Though his internalization was unintended, he knew that this meant he was on to something. He had taken it to the extreme because of his obsession with the project, but he wasn’t the only one who was constantly thinking about nuclear war; everyone else was, too. He knew he finally had a real opportunity to share this message with a world that needed to hear it, even if it came at the cost of his sanity.
For Theurer, it was all worth it—even the stress that caused his nightmares. But others disagree, including Barry Krakow, a leading sleep disorder specialist. In the early days of development, Theurer didn’t know how to separate the game from the rest of his life. As with anything, putting that much time and effort into any project allows it to seep into unintended aspects of one’s life. “[Anything] attended to with great intensity during the day frequently appears in our dreams,” explains Krakow, drawing the connection between Theurer’s obsession and the way that our brains process sleep. Most of the time, Krakow explains, this isn’t really noticeable. We might spend the day with friends doing a single activity for the majority of the day, but it doesn’t consume our dreams. But when paired with overwhelming stress and anxiety, there’s a pretty good chance that what you spend your time on during the day will make its way into your dreams at night.

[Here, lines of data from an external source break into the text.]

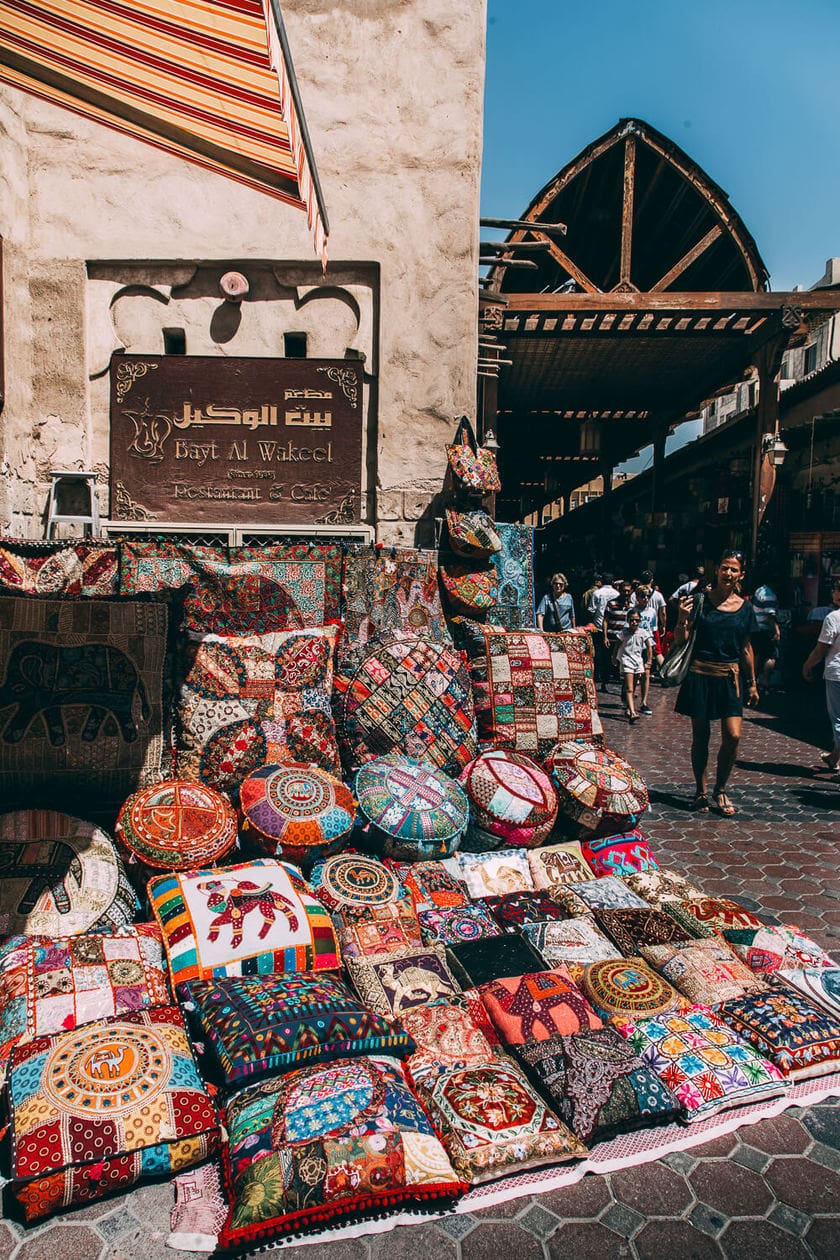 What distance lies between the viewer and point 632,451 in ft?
62.6

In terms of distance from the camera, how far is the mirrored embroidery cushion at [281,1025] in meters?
2.56

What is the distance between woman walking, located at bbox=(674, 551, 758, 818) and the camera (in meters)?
5.70

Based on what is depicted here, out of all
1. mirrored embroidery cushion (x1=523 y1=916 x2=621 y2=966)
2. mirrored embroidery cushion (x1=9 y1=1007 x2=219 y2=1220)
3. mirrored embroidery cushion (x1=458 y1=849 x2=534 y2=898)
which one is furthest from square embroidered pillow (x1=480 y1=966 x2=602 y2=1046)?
mirrored embroidery cushion (x1=9 y1=1007 x2=219 y2=1220)

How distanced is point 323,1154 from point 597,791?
9.47 feet

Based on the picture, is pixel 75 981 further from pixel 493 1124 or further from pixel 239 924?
pixel 493 1124

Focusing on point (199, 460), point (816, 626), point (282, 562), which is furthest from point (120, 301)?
point (816, 626)

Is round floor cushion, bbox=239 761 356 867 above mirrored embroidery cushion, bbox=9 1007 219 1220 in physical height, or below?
above

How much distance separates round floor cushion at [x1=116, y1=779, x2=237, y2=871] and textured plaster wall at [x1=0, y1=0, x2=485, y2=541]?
3.06 meters

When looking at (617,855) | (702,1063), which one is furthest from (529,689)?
(702,1063)

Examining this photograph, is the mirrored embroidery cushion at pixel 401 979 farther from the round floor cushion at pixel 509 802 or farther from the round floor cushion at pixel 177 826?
the round floor cushion at pixel 509 802

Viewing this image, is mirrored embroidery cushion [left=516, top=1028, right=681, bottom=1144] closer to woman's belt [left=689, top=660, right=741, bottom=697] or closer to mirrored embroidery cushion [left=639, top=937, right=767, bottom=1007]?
mirrored embroidery cushion [left=639, top=937, right=767, bottom=1007]

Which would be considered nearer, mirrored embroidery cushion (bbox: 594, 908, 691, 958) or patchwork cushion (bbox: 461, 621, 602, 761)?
mirrored embroidery cushion (bbox: 594, 908, 691, 958)

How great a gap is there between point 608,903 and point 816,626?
30.6 feet

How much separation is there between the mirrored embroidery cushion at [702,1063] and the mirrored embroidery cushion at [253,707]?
7.62 ft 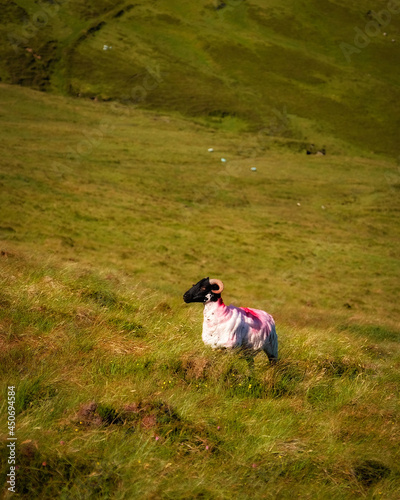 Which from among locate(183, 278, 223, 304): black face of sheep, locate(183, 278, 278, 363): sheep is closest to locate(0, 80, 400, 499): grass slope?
locate(183, 278, 278, 363): sheep

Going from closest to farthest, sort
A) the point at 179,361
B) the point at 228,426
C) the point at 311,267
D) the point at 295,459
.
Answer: the point at 295,459, the point at 228,426, the point at 179,361, the point at 311,267

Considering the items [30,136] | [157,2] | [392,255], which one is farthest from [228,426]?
[157,2]

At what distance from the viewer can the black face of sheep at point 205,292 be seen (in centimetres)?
738

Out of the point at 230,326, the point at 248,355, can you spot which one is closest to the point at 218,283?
the point at 230,326

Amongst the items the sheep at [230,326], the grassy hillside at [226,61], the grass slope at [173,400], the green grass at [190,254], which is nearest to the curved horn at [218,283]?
the sheep at [230,326]

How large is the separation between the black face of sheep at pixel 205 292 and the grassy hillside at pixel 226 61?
6473 cm

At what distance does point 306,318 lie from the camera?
18.4 meters

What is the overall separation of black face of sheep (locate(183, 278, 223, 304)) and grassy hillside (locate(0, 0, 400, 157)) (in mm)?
64726

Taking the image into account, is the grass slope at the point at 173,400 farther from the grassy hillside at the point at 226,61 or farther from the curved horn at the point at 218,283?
the grassy hillside at the point at 226,61

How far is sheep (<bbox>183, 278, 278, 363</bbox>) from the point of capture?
707cm

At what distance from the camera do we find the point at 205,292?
7438 mm

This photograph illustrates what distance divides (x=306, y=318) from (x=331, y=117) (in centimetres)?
7490

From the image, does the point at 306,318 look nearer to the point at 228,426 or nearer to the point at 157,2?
the point at 228,426

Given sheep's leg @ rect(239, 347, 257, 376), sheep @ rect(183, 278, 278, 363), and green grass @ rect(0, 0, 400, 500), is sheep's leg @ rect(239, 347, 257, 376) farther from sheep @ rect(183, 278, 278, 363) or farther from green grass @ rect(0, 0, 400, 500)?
green grass @ rect(0, 0, 400, 500) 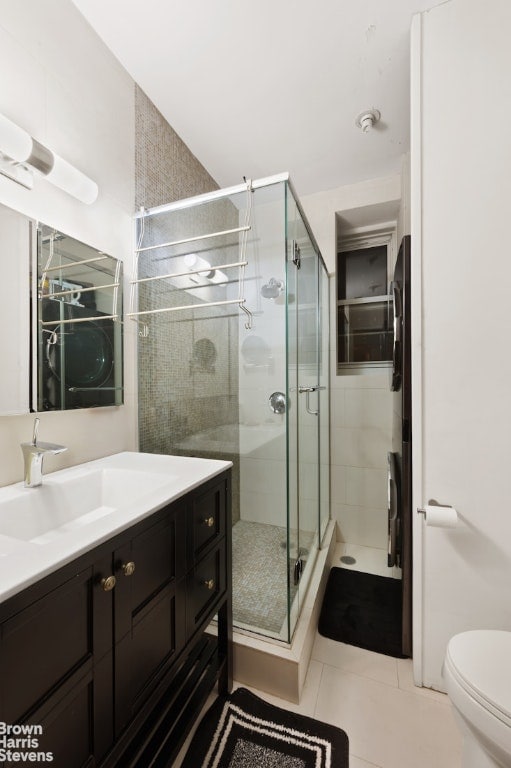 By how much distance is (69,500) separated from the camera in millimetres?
1032

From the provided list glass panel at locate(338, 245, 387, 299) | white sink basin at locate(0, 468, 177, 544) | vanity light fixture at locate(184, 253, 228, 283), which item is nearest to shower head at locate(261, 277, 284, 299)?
vanity light fixture at locate(184, 253, 228, 283)

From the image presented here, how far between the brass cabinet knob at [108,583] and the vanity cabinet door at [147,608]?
0.02 meters

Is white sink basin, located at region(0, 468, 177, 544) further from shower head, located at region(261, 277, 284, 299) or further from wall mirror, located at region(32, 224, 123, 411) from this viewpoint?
shower head, located at region(261, 277, 284, 299)

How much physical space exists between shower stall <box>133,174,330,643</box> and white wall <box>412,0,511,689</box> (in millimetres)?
527

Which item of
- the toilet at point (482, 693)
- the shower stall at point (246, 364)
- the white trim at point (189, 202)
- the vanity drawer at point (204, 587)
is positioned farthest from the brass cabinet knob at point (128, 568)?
the white trim at point (189, 202)

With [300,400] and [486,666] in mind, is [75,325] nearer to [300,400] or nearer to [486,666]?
[300,400]

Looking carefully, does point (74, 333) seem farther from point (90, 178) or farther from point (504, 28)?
point (504, 28)

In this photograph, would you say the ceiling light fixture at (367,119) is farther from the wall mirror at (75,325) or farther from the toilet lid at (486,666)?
the toilet lid at (486,666)

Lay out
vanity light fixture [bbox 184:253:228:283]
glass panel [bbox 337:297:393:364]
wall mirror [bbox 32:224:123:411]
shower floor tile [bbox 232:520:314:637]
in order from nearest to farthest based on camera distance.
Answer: wall mirror [bbox 32:224:123:411] → shower floor tile [bbox 232:520:314:637] → vanity light fixture [bbox 184:253:228:283] → glass panel [bbox 337:297:393:364]

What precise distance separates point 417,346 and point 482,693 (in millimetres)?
1044

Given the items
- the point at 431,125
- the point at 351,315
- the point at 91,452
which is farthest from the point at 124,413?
the point at 351,315

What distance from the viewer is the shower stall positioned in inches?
57.0

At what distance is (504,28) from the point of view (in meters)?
1.15

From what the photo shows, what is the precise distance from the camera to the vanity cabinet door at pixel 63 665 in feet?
1.72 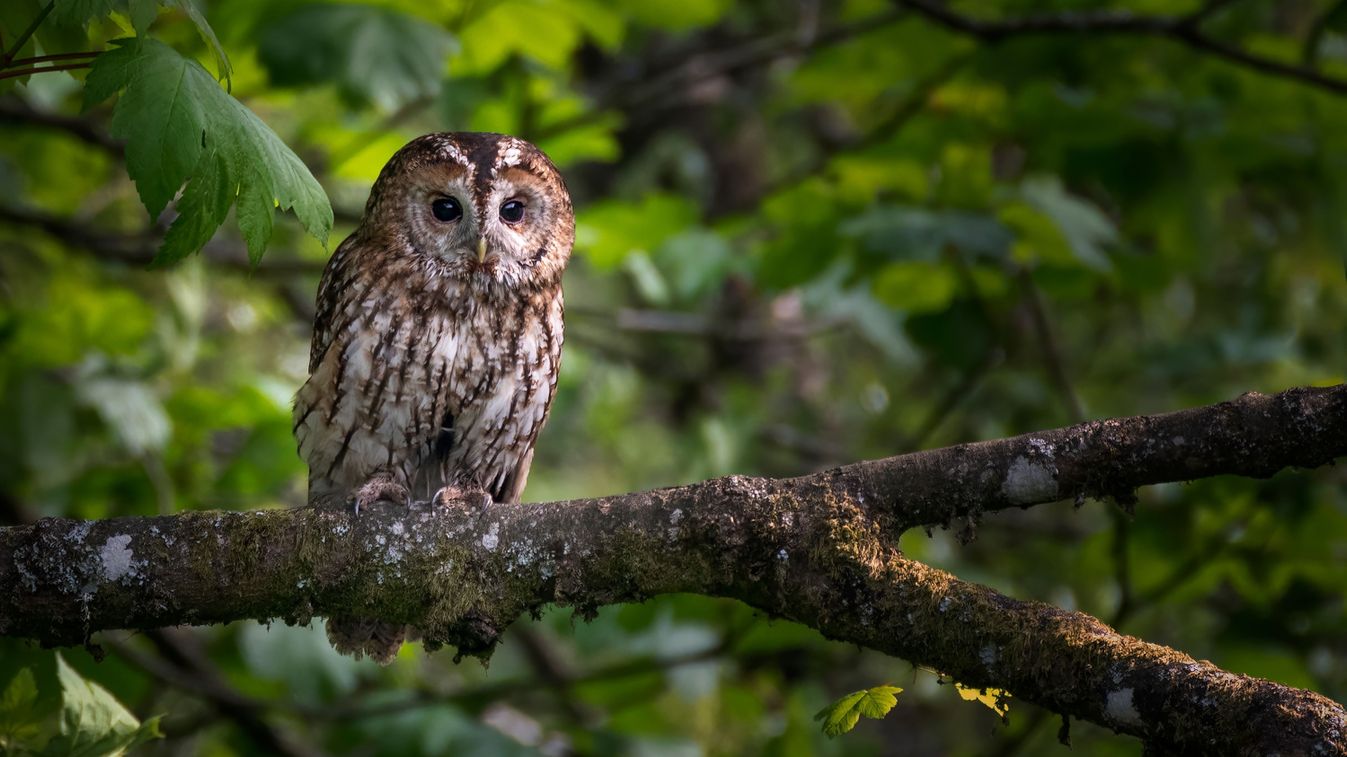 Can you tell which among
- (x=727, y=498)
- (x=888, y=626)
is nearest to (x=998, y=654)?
(x=888, y=626)

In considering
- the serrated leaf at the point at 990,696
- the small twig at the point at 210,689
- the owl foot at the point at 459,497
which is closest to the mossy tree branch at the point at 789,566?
the serrated leaf at the point at 990,696

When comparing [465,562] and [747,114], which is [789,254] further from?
[747,114]

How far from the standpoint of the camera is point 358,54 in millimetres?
3260

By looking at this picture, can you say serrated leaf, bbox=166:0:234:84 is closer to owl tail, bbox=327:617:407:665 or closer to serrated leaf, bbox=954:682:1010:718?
serrated leaf, bbox=954:682:1010:718

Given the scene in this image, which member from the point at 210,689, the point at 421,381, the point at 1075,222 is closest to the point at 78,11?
the point at 421,381

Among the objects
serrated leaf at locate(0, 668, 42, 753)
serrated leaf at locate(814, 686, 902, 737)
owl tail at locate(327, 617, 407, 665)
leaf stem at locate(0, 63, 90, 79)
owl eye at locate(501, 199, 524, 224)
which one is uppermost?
leaf stem at locate(0, 63, 90, 79)

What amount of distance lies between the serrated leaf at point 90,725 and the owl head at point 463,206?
1.38 m

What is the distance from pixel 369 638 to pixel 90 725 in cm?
107

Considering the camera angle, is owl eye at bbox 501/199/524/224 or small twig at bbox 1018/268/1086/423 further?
small twig at bbox 1018/268/1086/423

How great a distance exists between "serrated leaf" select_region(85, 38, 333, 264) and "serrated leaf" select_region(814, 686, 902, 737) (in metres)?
1.13

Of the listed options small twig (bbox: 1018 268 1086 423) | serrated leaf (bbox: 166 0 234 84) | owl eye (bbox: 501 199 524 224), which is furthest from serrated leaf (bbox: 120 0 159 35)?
small twig (bbox: 1018 268 1086 423)

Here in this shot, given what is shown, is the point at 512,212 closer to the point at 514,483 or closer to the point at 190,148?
the point at 514,483

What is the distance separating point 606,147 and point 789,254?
0.76m

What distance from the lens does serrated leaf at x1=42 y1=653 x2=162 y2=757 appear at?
6.72 ft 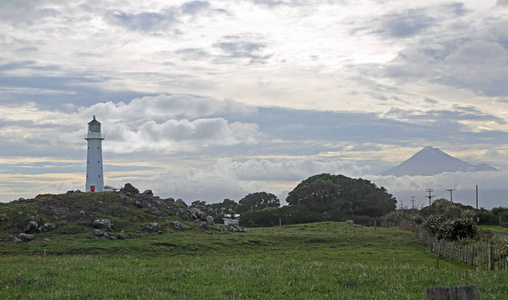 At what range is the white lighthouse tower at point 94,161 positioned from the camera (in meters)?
78.3

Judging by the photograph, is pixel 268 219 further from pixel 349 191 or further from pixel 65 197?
pixel 65 197

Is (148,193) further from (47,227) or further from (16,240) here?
(16,240)

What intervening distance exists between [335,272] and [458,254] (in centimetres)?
1767

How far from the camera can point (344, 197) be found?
11694 cm

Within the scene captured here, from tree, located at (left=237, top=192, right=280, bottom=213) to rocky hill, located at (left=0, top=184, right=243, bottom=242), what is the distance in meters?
55.4

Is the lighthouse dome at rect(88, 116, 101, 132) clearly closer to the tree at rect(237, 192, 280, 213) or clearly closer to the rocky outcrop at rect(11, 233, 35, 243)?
the rocky outcrop at rect(11, 233, 35, 243)

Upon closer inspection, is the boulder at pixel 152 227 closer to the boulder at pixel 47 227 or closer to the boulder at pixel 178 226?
the boulder at pixel 178 226

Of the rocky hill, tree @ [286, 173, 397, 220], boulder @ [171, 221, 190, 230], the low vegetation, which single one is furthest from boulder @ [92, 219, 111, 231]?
tree @ [286, 173, 397, 220]

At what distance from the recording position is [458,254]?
106 feet

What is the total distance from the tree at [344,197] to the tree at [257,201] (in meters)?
5.05

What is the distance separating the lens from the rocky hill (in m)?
45.7

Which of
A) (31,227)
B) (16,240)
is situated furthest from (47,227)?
(16,240)

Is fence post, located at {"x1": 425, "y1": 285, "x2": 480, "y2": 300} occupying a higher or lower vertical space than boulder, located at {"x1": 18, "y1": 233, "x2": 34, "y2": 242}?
higher

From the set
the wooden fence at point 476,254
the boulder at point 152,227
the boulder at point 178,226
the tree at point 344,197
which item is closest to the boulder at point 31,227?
the boulder at point 152,227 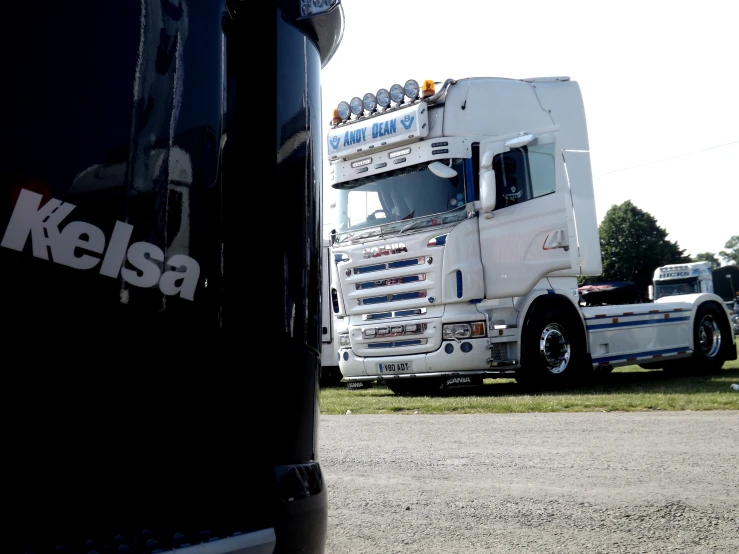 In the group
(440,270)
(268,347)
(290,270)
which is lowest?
(268,347)

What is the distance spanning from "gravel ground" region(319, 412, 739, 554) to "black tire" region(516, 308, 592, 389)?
3.86 m

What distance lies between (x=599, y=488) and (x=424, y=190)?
7.38 meters

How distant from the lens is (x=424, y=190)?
37.6 ft

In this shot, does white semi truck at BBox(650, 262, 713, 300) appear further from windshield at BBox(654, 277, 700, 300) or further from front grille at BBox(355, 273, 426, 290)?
front grille at BBox(355, 273, 426, 290)

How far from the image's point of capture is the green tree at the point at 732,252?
164825 millimetres

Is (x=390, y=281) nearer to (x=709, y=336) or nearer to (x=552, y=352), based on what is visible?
(x=552, y=352)

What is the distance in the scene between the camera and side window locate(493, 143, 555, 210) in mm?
11141

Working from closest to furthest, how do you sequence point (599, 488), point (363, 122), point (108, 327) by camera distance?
point (108, 327)
point (599, 488)
point (363, 122)

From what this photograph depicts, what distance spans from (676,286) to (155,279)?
107 ft

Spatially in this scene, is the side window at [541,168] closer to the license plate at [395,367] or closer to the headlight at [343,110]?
the headlight at [343,110]

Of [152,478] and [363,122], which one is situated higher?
[363,122]

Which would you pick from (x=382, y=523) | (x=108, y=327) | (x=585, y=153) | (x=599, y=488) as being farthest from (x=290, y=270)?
(x=585, y=153)

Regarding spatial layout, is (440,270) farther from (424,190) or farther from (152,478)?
(152,478)

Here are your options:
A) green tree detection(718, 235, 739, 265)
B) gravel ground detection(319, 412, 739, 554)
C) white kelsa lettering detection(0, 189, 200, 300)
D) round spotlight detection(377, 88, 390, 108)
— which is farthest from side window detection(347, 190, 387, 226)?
green tree detection(718, 235, 739, 265) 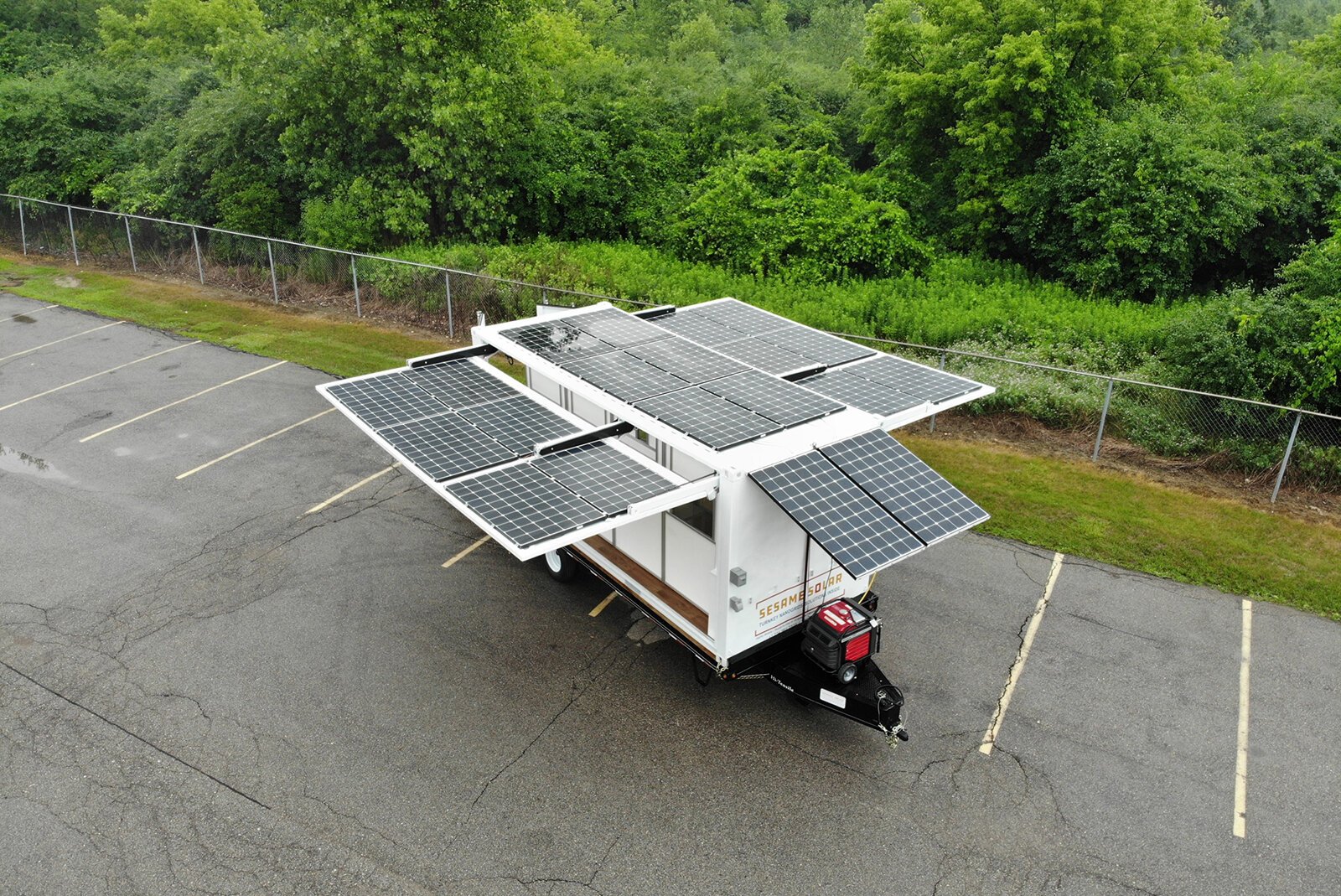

It’s something we don’t really notice most of the time. What we spend our time on seems normal to us, so it doesn’t trigger anything unique when we encounter it in our dreams. But nuclear war? Yeah, that’s something you remember.
Theurer’s reoccurring dreams were terrifying; they weren’t your average nightmares. They felt real, often leaving him questioning whether he was still in this dream state when he woke up. But upon forcing himself to encounter these atrocities constantly, day in and day out, for six months at a time, he began to wear down. The constant overconsumption of such dark and powerful material began to take hold, taking something that was once a terrifying, irregular occurrence and turning it into the new norm.
As development continued, Theurer knew that these nightmares were beginning to become an issue. He had to finish Missile Command—and quickly. They had only been working on the game for six months, but it had begun consuming his every thought, something that increasingly worried Theurer as he raced toward the finish line, repeating, “It’ll be worth it. It’ll be worth it. It’ll be …”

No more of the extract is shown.